Arterial is local venous can be distant from origin
Overview of three main drugs
Anticoagulants (heparin, warfarin, dabigatran) disrupt coagulation cascade and therefore suppress fibrin
Antiplatelet drugs (aspirin, clopidogrel) inhibit platelet aggregation
Thrombolytic drugs promote lysis of fibrin
Antiplatelet drugs most effective against
Preventing arterial thrombosis
Anticoagulants are most effected against
Venous thrombosis
Warfarin vs other anticoagulants
Warfarin inhibits synthesis of clotting factors including X and thrombin
All others inhibit activity of clotting factors, either Xa, thrombin or both
Heparin and its derivatives
Enhance antithrombin, which inactivates thrombin and Xa, therefore fibrin production is reduced and clotting is suppressed.

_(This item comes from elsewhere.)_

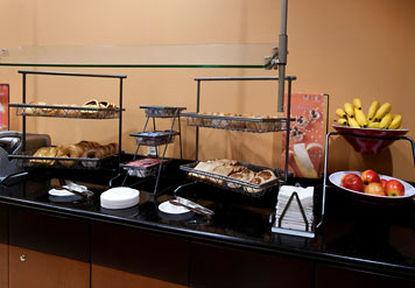 Fairfield & East Hotel 3*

Heparin reduces activity of thrombin and Xa equally
LMW heparins reduce activity of Xa more than thrombin
Fondaparinux is selective to Xa and doesn’t touch thrombin
Heparin distribution
Has many negatively charged groups making it highly polar, and hence cannot readily cross membranes
Heparin MOA
Helps antithrombin inactivate clotting factors IIa and Xa
Binding of heparin to antithrombin enhances its ability to inactivate thrombin and Xa
Heparin itself does not bind with Xa
Great for prophylaxis of venous thrombosis
Effects seen within a minute IV
Heparin pharmacokinetics
Polarity and large size means it can’t be taken orally and it can’t cross into placenta or breast milk
Hepatic and renal metabolism, normal half life is 1.5 hours and extended with hepatic/renal failure
Highly variable plasma levels as it binds nonselectively
Uses of heparin
Pregnancy, pulmonary embolism, DVT, open heart surg and renal dialysis and low dose for postop prevention of thrombosis. DIC and MI
Adverse effects of heparin
Bleeding (10%)
Shock, bruises, petechiae, hematomas, discoloured poo, headache or faintness (cerebral) lumbar pain (adrenal hemorrhage)
Heparin induced thrombocytopenia (HIT)
Potentially fatal. Development of antibodies against heparin-platelet complexes activate plateletes and damage vascular endothelium, promoting thrombosis and loss of platelets. DVT, PE, stroke and MI risk.
Consider if platelet count falls or thrombosis forms despite adequate anticoagulation
Discontinue and switch
Heparin interaction
Platelet aggregation is the major remaining defence against hemorrhage. Aspirin and other drugs that depress platelet function will weaken this defence.